Please, for your own safety, and the safety of those around you, upgrade soon. Often around here, we tend to maybe pick a little too much nit when it comes to towing capacity and what is safe, but this isn't even close!

Happy Trails,
Doug


----------



## reeladdiction (Sep 10, 2006)

i second and third that the ranger is very light weight i was actually worried with my excursion seisel and the 25rss but that is all fine now try your best to replace that ranger with something bigger...


----------



## nonny (Aug 14, 2005)

Congratulations! I hope you make many wonderful memories in your Outback!


----------



## willie226 (Apr 4, 2006)

Congratulations Tim and Sue!

Hope you enjoy your new Outback!!!!








HappyTravels
Willie


----------



## firemedicinstr (Apr 6, 2005)

Welcome, 
Another VA Outback, this state has to have the most per capita................
I was in Goshen IN, right accross the street from the Keystone Factory the week you were in town.

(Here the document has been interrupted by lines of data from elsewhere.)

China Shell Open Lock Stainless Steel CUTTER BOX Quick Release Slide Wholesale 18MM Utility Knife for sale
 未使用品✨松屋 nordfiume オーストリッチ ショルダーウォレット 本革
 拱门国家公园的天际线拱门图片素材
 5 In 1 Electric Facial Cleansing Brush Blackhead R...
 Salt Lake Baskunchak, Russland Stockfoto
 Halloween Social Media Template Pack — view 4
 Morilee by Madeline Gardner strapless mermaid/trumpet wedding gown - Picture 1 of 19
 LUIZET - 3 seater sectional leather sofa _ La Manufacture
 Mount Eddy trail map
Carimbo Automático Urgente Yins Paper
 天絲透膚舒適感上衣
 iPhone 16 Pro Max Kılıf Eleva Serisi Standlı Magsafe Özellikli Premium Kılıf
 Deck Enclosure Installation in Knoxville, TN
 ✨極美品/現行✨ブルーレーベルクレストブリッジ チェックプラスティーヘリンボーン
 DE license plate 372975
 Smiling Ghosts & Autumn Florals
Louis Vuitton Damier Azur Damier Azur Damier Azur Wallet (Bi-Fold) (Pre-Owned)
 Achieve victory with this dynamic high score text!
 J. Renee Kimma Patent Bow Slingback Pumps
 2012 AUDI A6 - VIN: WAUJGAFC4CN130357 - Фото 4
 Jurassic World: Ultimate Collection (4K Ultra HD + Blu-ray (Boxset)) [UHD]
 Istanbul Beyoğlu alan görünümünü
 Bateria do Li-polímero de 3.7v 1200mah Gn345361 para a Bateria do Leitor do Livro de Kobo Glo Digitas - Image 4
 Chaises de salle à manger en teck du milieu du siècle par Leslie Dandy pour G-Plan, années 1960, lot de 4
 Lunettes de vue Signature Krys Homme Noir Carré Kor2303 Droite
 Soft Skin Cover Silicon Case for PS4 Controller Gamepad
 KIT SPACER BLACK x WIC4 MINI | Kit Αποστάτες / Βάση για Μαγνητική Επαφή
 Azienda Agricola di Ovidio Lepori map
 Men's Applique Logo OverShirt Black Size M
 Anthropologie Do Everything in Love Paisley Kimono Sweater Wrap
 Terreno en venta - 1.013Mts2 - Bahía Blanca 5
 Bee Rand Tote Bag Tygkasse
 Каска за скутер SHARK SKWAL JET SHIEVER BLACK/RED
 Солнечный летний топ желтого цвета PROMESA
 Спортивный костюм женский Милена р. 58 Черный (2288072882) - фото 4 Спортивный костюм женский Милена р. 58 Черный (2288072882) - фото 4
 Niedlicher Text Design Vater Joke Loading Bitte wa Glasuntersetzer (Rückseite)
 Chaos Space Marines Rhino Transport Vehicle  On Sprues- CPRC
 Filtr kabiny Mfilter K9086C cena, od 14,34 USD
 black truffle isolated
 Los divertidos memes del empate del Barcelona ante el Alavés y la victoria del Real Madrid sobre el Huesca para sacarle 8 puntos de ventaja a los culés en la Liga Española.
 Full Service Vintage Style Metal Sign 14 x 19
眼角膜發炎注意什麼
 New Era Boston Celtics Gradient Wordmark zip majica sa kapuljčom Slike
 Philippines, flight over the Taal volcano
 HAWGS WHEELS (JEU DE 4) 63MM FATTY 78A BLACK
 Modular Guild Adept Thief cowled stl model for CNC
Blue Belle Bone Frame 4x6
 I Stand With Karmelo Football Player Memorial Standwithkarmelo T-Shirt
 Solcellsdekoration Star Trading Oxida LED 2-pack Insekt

And YESSSSS, I cant wait for the NEW Tundra..............DW gonna be mad if I want one though.........................................

Take care


----------



## PDX_Doug (Nov 16, 2004)

firemedicinstr said:


> And YESSSSS, I cant wait for the NEW Tundra..............DW gonna be mad if I want one though.........................................


It sounds like you already do!








Just remember to duck when you break the news to her!

Happy Trails,
Doug


----------